Мать Евгения – Лидия Ивановна, когда он собирал вещи, и мы оказались в комнате одни, торопливо украдкой шепнула мне:

– Юра, представляешь, взял женщину с двумя детьми. Зачем это ему нужно, что нет девушек?

Что я мог ей ответить?

Поругать друга за опрометчивый поступок, а про себя сказать: «Слава Богу, меня сия чаша миновала, я свободен и не связан семейными узами». Ничего подобного! Я сам был готов жить с Натальей Михайловной.

– Да, есть девушки, – ответил я ей. – Только Наташа своя – сельская.

– Вот только что! – вздохнула Лидия Ивановна и замолчала, подошел ее сын.

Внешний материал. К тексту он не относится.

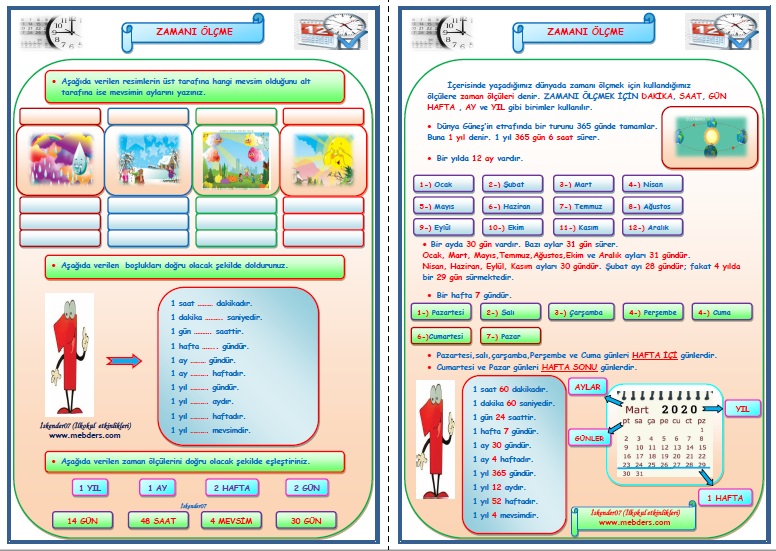2. Sınıf Matematik Zamanı Ölçme Konu Anlatımı Etkinlik Çalışması (4 Sayfa)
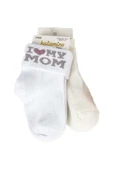 Kız Bebek Annemi Seviyorum 2'Li Soket Çorap thumbnail 3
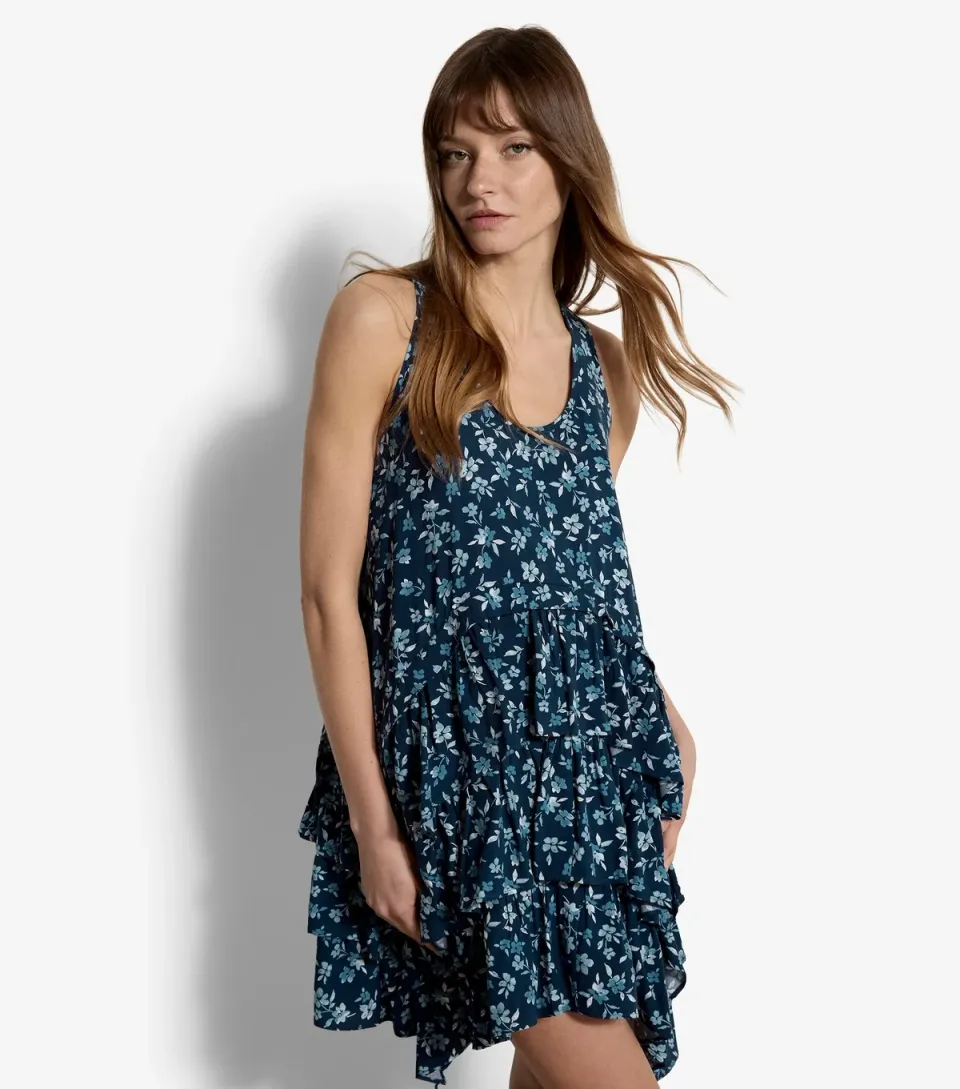 Women's Blue Floral Print Mini Dress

Сразу же после переезда Евгения к Нате вдруг неожиданно заявился Владимир. Он попытался выгнать Фокова. Кричал ему:

– Ты не имеешь права! Я с ней, – кивал на Наташу, – не разводился. – Но это ему не помогло. Фоков победил и обосновался у Кустиной надолго. Он думал, что навсегда.

Мне было тяжело. Я мысленно расставался с Натой. Это меня очень расстраивало. Теперь я никак не мог на нее претендовать, даже в мыслях, это было бы не по-товарищески.

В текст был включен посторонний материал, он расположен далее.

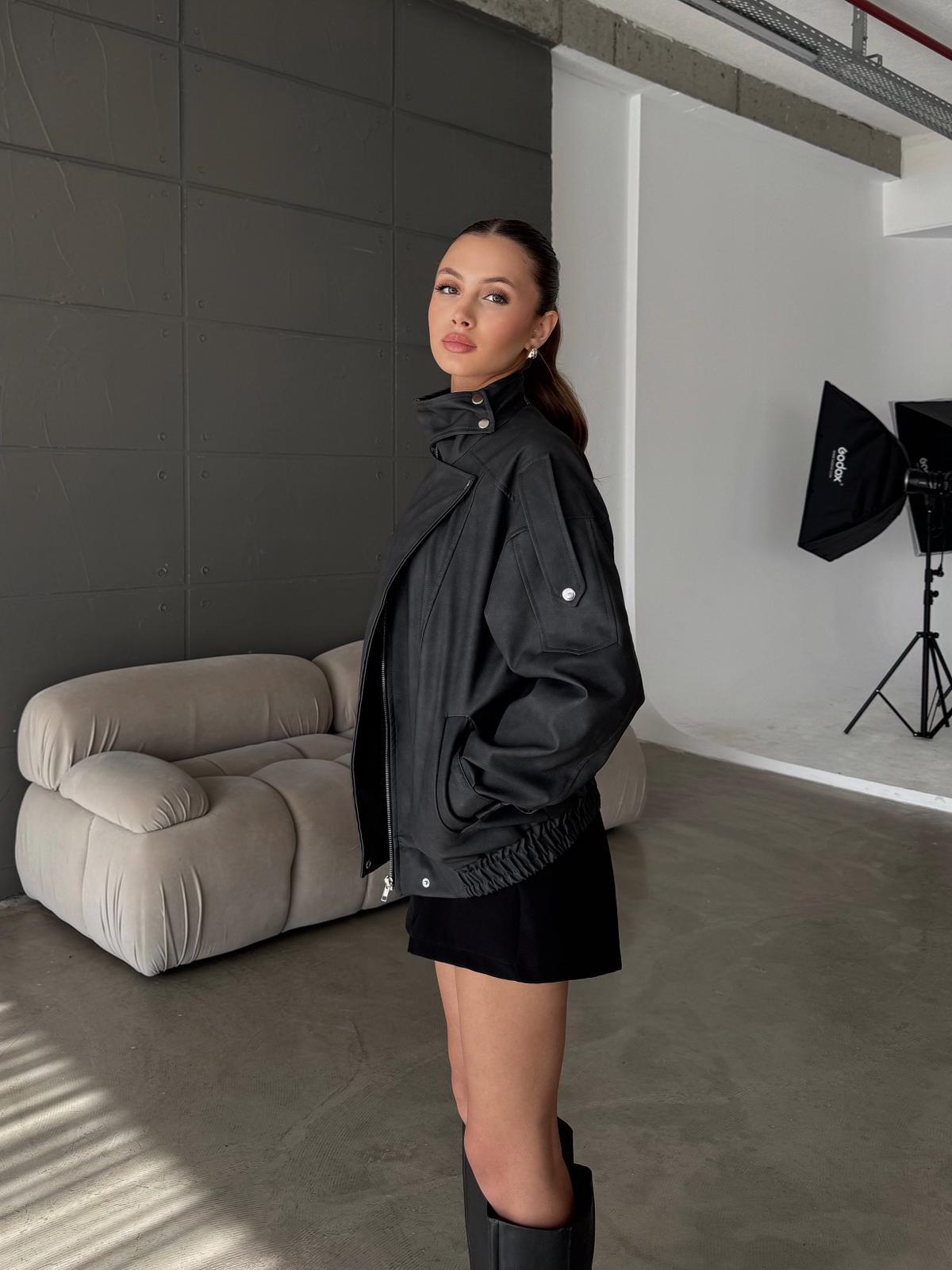 Hexor Beli Lastik Detay Oversize Nubuk Siyah Deri Ceket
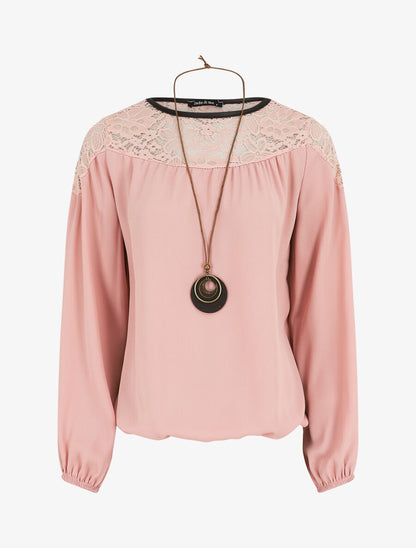 Top fluide à dentelle - Rose - 5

Однажды во сне я долго и горько плакал. Мать разбудила меня и принялась успокаивать:

– Ну что ты Юра! Страшный сон приснился?

– Да! Да! Страшный сон, – ответил я. – Что я еще мог сказать? Поделиться тем, что я уступил Нату другу. Конечно же, я не проронил, ни слова. Мне нельзя было жаловаться. Ну, и что из того, что я остался холостым. Не я один, много таких, живут и ничего страшного с ними не происходит. Просто нужно привыкнуть к своему положению, не афишировать им и не слушать советы, снующих рядом доброжелателей, не лезть во всевозможные авантюры, предпринимаемые окружением, для того чтобы, как можно скорее погулять на твоей свадьбе – напиться водки, вина и наесться вдоволь салатиков.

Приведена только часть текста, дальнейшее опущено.